# Seaweed cause Anxiety?



## ThyroidMan (Dec 26, 2015)

So I took RAI September 2014, I didn't go hypo or at least I didnt feel hypo until April to June time frame. I tried getting levo from my endo, but my TSH was like 5 then it climed to 6 and they said its normal. But eventually my TSH reached 9 sometime around June and I was really feeling hypo, I couldn't lose weight and my joints we're clicky and had dry skin. those were the major symptoms for the most part. They finally ordered me my meds, but it was coming thru the mail and said I'd have to wait a week or maybe two weeks.
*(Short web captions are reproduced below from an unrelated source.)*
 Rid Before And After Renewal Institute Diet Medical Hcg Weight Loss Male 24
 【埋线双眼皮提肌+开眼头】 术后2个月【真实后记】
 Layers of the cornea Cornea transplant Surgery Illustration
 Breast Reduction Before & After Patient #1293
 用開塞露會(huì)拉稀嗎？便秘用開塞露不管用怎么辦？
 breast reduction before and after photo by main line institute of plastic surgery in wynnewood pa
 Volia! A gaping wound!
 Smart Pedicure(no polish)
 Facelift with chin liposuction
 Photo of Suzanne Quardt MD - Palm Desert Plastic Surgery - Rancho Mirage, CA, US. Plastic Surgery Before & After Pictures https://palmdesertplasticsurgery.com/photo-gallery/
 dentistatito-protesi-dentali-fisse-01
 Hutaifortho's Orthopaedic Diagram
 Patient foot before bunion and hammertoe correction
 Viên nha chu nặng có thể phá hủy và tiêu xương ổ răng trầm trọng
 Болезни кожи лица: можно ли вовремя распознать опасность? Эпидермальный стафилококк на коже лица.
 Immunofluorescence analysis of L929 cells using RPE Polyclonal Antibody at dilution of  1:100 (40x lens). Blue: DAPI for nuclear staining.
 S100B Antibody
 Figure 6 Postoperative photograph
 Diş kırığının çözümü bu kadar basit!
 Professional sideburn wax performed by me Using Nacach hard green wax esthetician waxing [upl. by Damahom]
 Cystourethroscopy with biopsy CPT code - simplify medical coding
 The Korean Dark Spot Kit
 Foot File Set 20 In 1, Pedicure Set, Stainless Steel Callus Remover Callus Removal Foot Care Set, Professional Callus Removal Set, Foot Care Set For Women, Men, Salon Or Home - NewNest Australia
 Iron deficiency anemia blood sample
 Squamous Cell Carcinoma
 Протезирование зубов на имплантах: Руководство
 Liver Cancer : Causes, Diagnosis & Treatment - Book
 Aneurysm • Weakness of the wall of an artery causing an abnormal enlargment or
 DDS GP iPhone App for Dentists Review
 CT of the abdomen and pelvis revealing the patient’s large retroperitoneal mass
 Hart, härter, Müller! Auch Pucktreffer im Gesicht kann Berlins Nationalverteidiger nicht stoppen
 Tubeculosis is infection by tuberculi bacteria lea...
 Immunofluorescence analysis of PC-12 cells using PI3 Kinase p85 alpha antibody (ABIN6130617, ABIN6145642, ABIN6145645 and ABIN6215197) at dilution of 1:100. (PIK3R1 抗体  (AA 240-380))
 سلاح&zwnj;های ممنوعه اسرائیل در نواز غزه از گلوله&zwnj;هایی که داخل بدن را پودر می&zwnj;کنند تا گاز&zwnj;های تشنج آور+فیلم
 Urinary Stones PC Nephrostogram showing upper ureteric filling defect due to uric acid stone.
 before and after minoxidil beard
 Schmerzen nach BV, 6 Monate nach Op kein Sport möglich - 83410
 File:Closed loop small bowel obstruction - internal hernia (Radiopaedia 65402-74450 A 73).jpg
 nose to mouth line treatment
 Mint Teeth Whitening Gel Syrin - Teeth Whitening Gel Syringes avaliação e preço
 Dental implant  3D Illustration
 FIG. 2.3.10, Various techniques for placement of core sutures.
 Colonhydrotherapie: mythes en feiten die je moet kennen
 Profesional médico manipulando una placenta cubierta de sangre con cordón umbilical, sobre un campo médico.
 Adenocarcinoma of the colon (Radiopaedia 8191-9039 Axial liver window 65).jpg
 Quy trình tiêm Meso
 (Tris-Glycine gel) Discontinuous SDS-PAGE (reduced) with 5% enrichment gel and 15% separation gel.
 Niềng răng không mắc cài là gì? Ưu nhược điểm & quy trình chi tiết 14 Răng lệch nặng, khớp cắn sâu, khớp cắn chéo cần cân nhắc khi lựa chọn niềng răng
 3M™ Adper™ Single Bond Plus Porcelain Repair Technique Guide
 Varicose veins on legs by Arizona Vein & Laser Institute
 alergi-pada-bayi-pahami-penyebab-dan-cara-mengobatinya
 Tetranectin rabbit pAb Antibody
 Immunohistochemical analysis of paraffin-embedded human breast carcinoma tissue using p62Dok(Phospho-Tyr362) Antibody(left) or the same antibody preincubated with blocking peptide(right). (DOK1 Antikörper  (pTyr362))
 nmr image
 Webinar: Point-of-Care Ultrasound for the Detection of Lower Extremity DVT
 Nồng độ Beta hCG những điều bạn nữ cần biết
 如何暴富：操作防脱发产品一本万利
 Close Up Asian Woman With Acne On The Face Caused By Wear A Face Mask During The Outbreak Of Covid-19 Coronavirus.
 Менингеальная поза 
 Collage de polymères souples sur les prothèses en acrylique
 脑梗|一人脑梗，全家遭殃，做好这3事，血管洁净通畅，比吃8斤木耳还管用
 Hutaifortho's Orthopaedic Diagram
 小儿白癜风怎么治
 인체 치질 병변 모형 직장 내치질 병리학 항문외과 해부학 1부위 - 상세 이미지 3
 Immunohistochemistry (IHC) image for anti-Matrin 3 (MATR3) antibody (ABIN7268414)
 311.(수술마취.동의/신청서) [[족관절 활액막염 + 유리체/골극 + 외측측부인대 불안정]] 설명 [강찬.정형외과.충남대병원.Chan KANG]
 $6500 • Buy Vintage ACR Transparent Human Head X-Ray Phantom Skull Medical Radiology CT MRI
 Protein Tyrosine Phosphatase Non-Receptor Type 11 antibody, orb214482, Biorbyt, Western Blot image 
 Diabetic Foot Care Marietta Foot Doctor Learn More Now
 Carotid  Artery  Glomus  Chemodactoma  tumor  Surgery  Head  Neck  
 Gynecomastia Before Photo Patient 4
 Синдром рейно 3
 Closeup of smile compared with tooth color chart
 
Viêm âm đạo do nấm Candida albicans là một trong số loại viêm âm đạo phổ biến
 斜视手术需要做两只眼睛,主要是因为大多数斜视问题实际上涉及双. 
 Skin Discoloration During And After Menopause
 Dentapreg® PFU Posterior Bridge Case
Because of this, I decided to eat a ton of sea weed, since it has iodine. Thought it would help the hypo symptoms while I waited for the meds in the mail. It was dried sea weed, the kind you use for suchi roles. I ate some in ramen, and even ate some by itself later on that day. I consumed an absurd amount. It made me feel a little lethargic/ sick at first. But then a couple days later I started to get anxiety. I wasn't sure why, but I assumed it was because I was hypo for too long. Not sure if that is possible to get anxiety from not getting enough T4/T3? Maybe it was because I was hypo, the adrenal glands overact? Idk. But I soon got the levo in the mail and thought it was make the anxiety go away with all my other hypo symptoms. It made the anxiety way worse, it was insane. Was going crazy, but the hypo symptoms like clicky joints, dry skin went away and I lost like 20 pounds in 2 weeks. I tried complaining that I was hyper, but they said to stay on the meds (125 mcg). They said it takes 4 weeks for the body to get used to the medication. I didn't make it that far, went to the emergency room and the doctor there reduced my levo to 60.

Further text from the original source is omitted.